Now suppose you want to do the same thing, only this time with a repeating word value (2 bytes). Then you might throw the X register into the mix:
Code:
   LDA zpBuffer+0
   LDX zpBuffer+1
   STA PPUDATA
   STX PPUDATA
   ...
   STA PPUDATA
   STX PPUDATA


And if you really want to get crazy, there's even the Y register for those wacky repeating 3-byte sequences:
Code:
   LDA zpBuffer+0
   LDX zpBuffer+1
   LDY zpBuffer+2
   STA PPUDATA
   STX PPUDATA
   STY PPUDATA
   ...
   STA PPUDATA
   STX PPUDATA
   STY PPUDATA


My question is this: What's the most optimal way (fewest cycles) to extend the above pattern beyond 3-byte sequences? The best I can think of is to use a single LDX and LDY statement to hold 2 of the values, then use as many LDA statements (zero page) as necessary for the remaining values.

I originally thought it would be cool to set up the buffer at the bottom of the stack (say, $100-$10F), then repeatedly "pull" successive values into PPUDATA. But alas, it doesn't seem like it's possible to pull values directly into memory.

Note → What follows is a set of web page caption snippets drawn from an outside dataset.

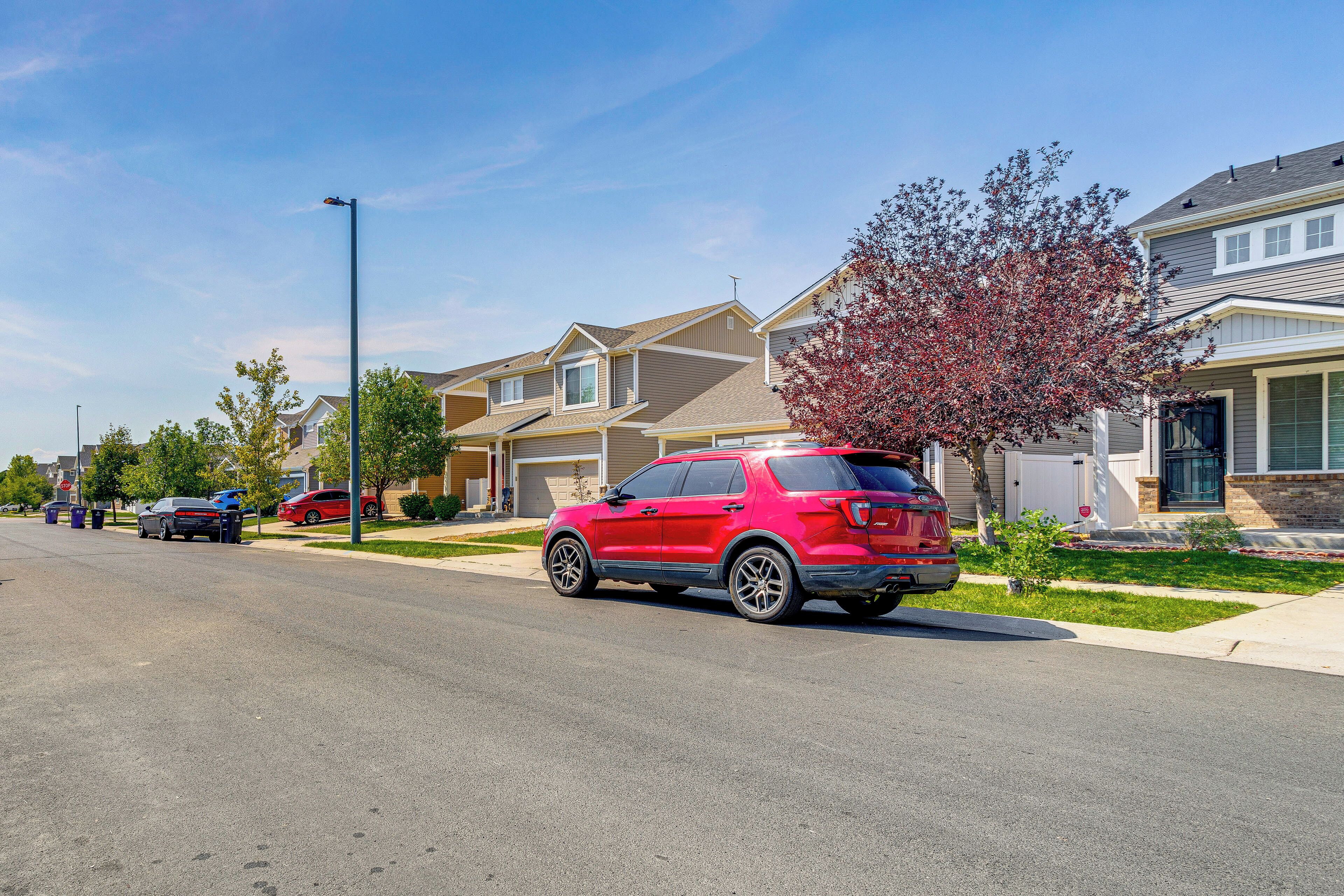 A residential street with houses, a red SUV, and a clear blue sky.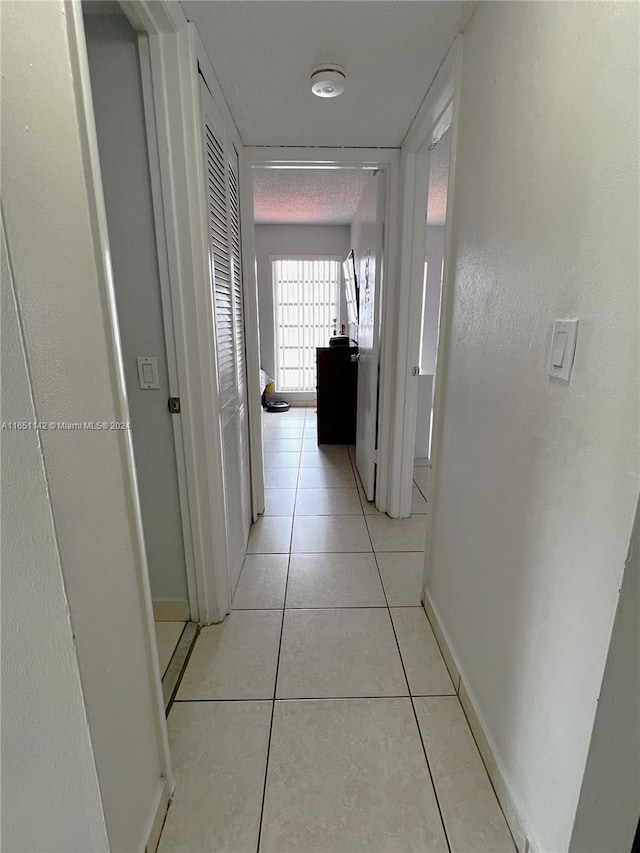 hall with light tile patterned floors and a textured ceiling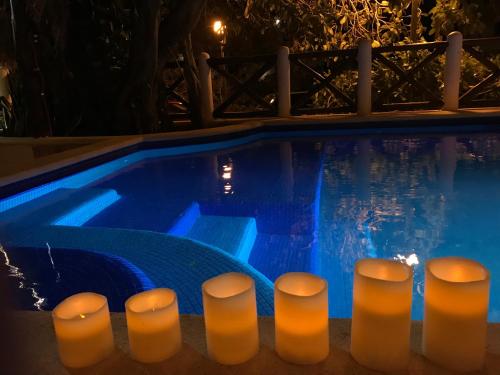 a swimming pool at night with lit candles in it at Hotel Amar Inn in Puerto Morelos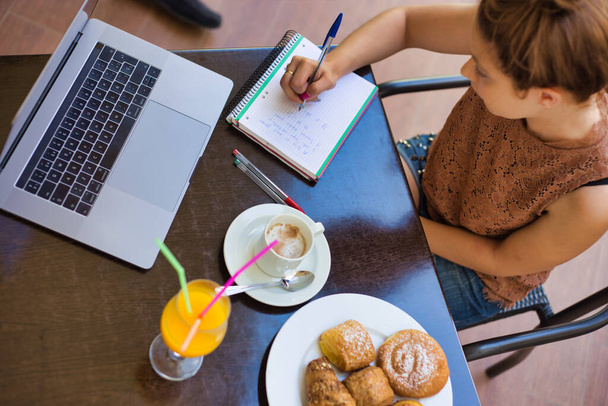 Légi felvétel egy nőről, aki egy teraszon ül, és egy laptopon dolgozik gyümölcslével és pékséggel az asztalon - Fotó, kép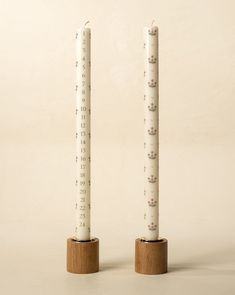 two tall candles with cats on them sitting on wooden bases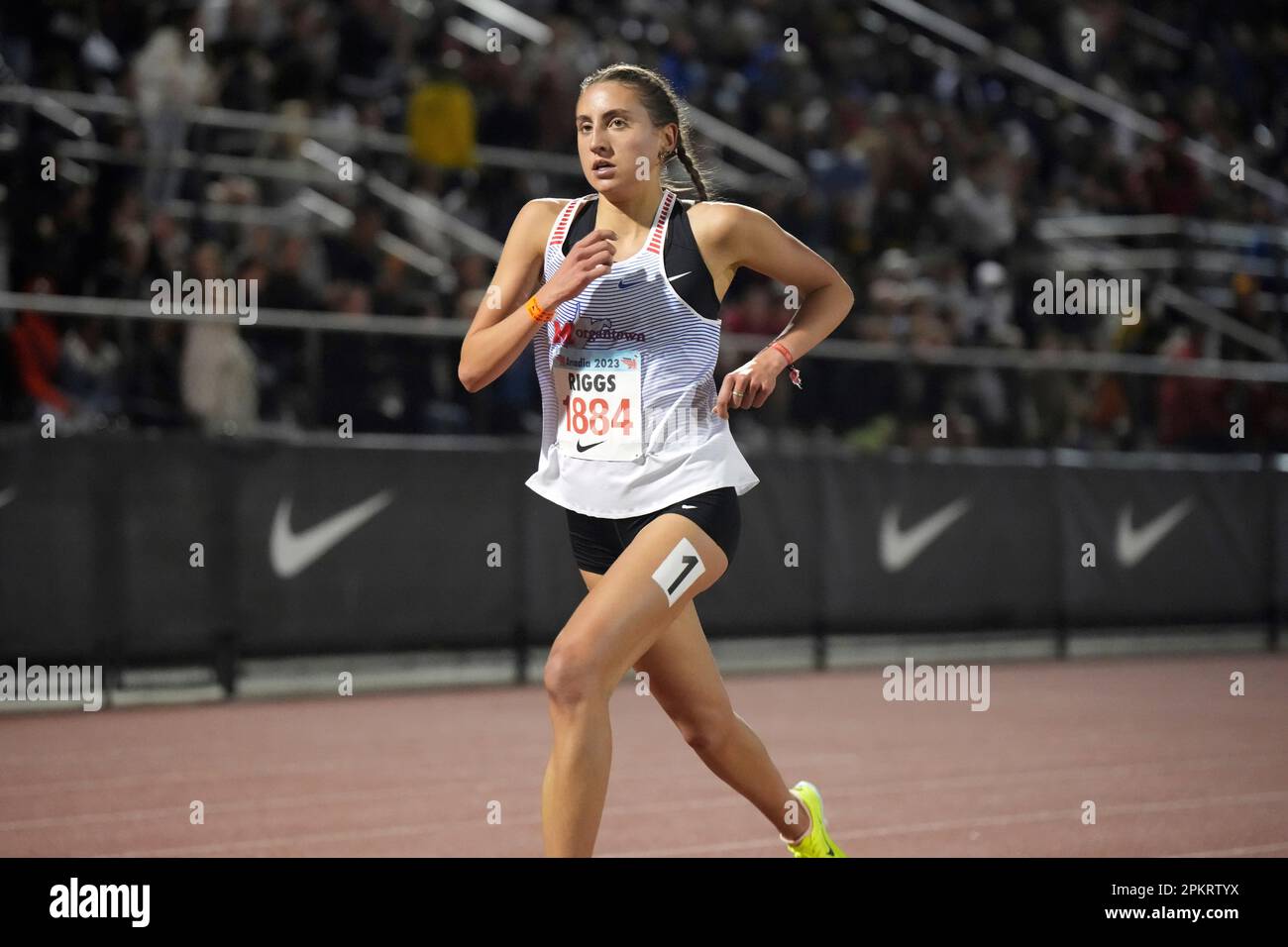 Irene Riggs of (WV) wins the girls' invitational 3,200m in 9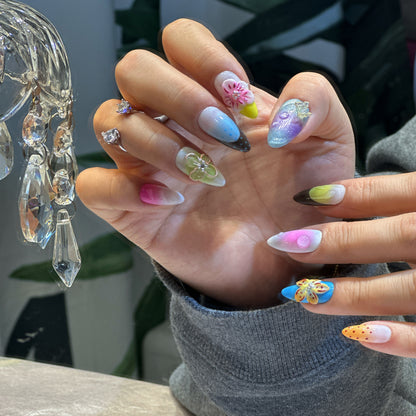 Detail view of Rainbow Garden nails showing white base with rainbow ombre, 3D flowers and glossy finish
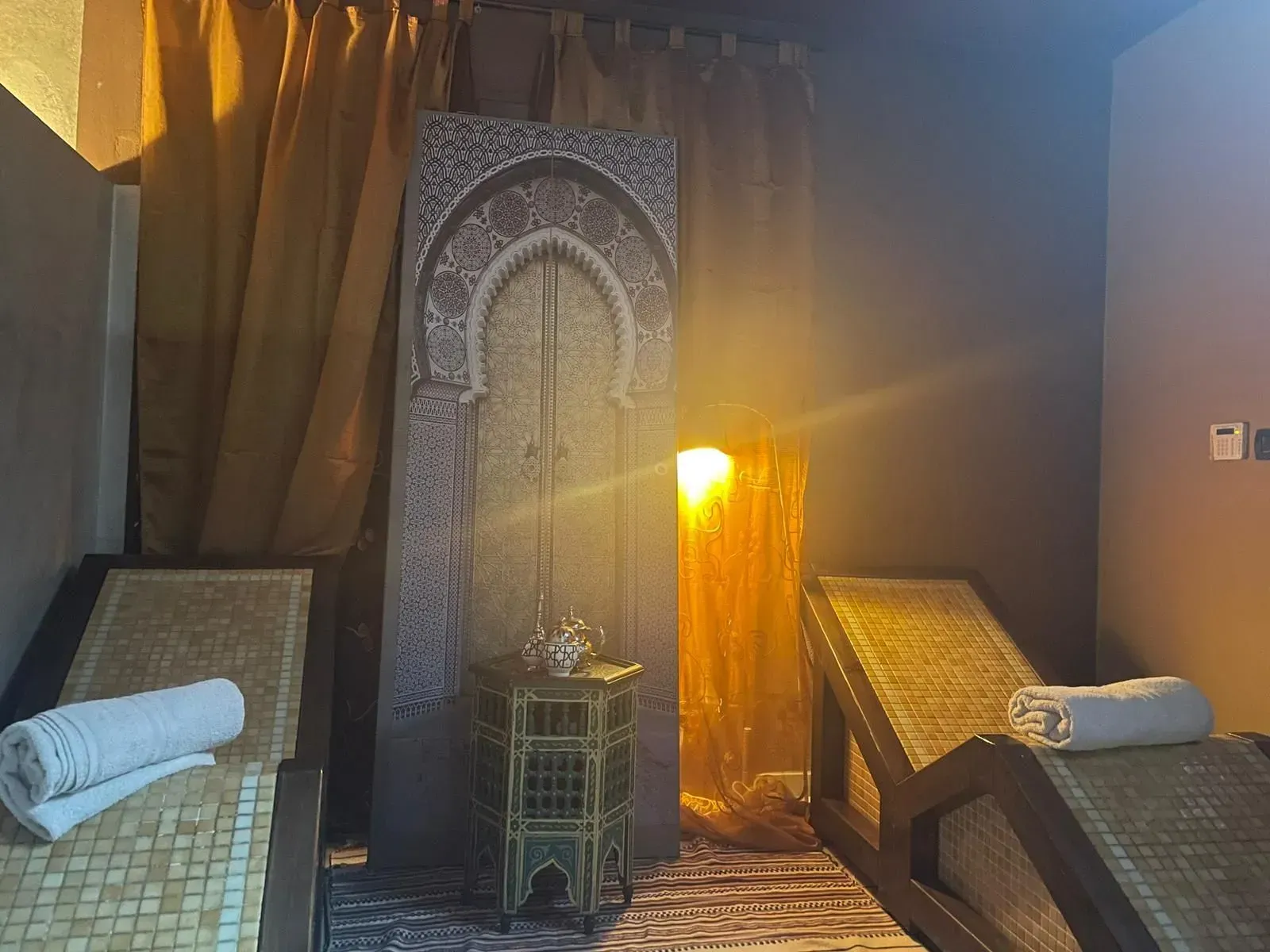Una stanza accogliente con due lettini prendisole, una lampada soffusa e un pannello decorativo ad arco tra le tende.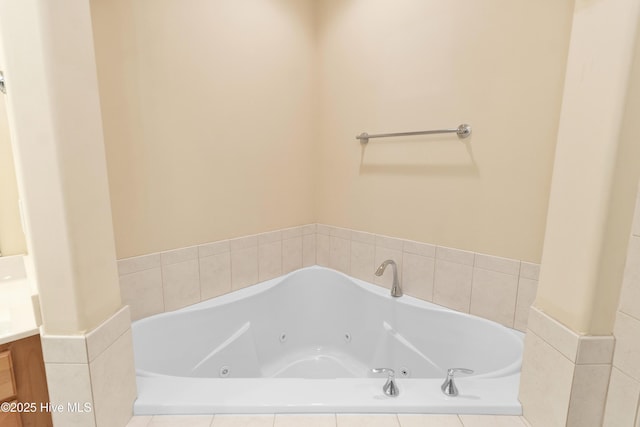 bathroom with a relaxing tiled tub and vanity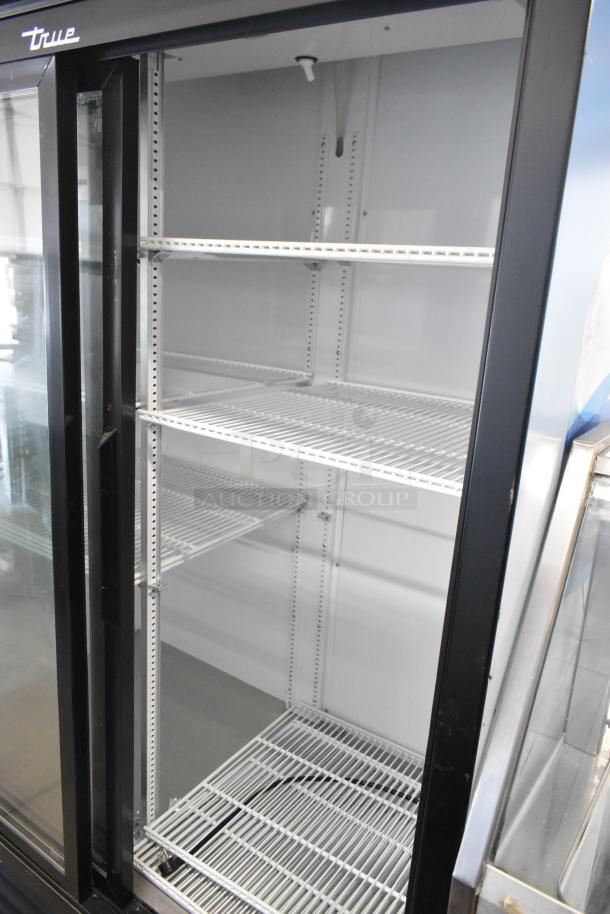 2018 True GDM-45-HC-LD commercial 2-door cooler, metal, poly-coated racks, 115V, 1 phase, clean condition.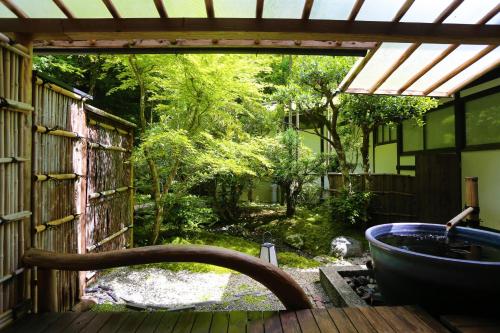 Open air bath, Momijiya Bekkan Kawa No Iori Ryokan in Ukyo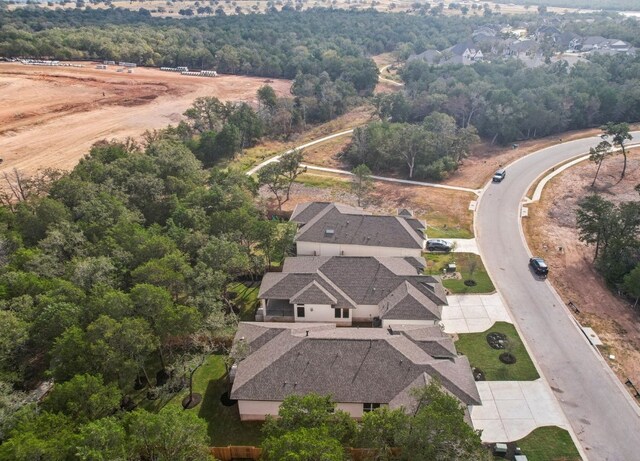 151 William Hersee Dr, Bastrop, TX 78602 - aerial view of property and surrounding area with a heavily wooded area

So, are there any tricks out there I might be overlooking?

by on (#39952)
Change the LDA ZP to LDA #IMM and use self modifying code. I don't think you can get any faster than that. Just prep the code at a point that isn't crucial. If the writes to vram are variable in number, then make a system to keep track of where you put the RTS code, so that you can undo it to recreate a new length for the series of load/store opcodes, etc.

by on (#39953)
You, sir, are a madman. Thanks for that awesome suggestion!

by on (#39955)
Quote:
I originally thought it would be cool to set up the buffer at the bottom of the stack (say, $100-$10F), then repeatedly "pull" successive values into PPUDATA. But alas, it doesn't seem like it's possible to pull values directly into memory.

This is perfectly possible, the pla instruction takes only one byte and only 4 cycles which is interesting (okay it takes the same number of cylces than lda $100,X, but the index is automatically increased).
But yeah the fastest possible is self-modyfiying code. Also you can store the long runs of stas by a loop, which removes the disadvantage of unrolled loops that they eat insane rom space for small speed gain.

by on (#39959)
Battletoads did something like this for the Snake Pit level.

Image

You can see that the status bar is many scanlines lower than it is in other levels, since it is updating a LOT of tiles every frame.
You can also see that the PAL version has the status bar at the top. Updating that many tiles on PAL hardware is no big deal.

FCEU has glitches in the snake pit level on NTSC.

by on (#39960)
Oh wow, thanks for the explanation on that snake level thing, Dwedit. I've been playing alot of Battletoads lately. My TV has pretty bad overscan, so I can never see my score. I can see it on that level though, and it's something that my wife and I thought was weird.